Alternatively, is the emergence of crypto a further indication that cheap money has got out of hand, the blockchain technology it uses a red herring, blinding investors into believing in value where there is none? Or will a future iteration of cryptos on the market become the new currency, standing in opposition to traditional financial structures? Is cryptocurrency an asset or a currency? Does its value lie in both…or neither? Should you invest in Bitcoin? Is Buffett’s view on Bitcoin correct, or is it inaccurate?
“Men, it has been well said, think in herds; it will be seen that they go mad in herds, while they only recover their senses slowly, and one by one” wrote Charles Mackay in his seminal 1841 market psychology book, Extraordinary Popular Delusions and the Madness of Crowds.

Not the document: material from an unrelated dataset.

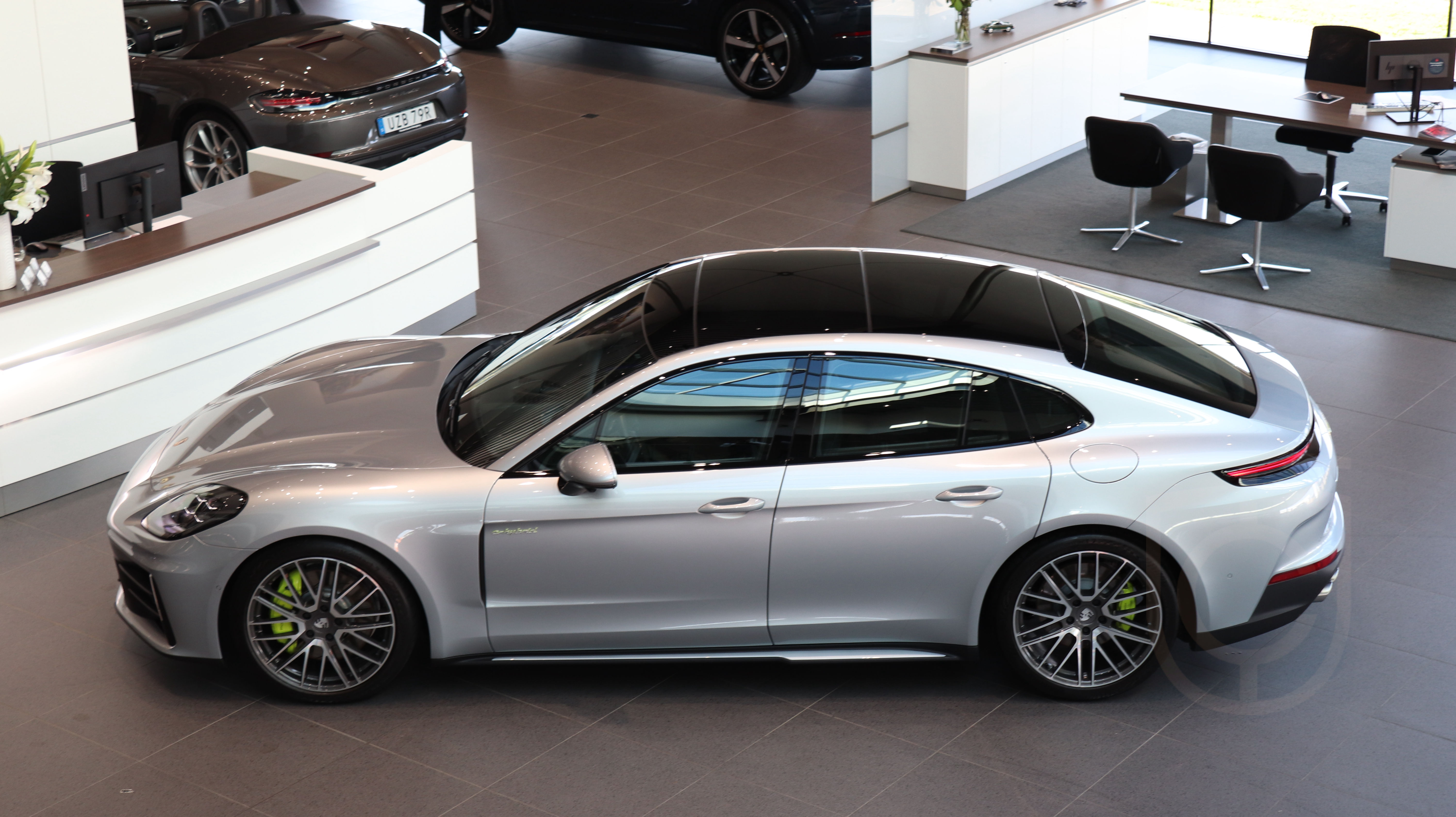 Porsche Panamera 4 E-Hybrid PDK 346kW 2024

From “Tulipmania” in the early 17th century, to the South Sea Bubble in the early 18th century, history is awash with the follies of men. Since the beginning of civilisation, manias have overtaken rationality and logic, be it the belief that alchemists could turn base metals into gold, or the idea that “witches” in early Medieval Europe caused the Little Ice Age. In retrospect, such fads or crazes appear absurd, belonging to an uneducated, unthinking civilisation, so seemingly entirely divorced from our own.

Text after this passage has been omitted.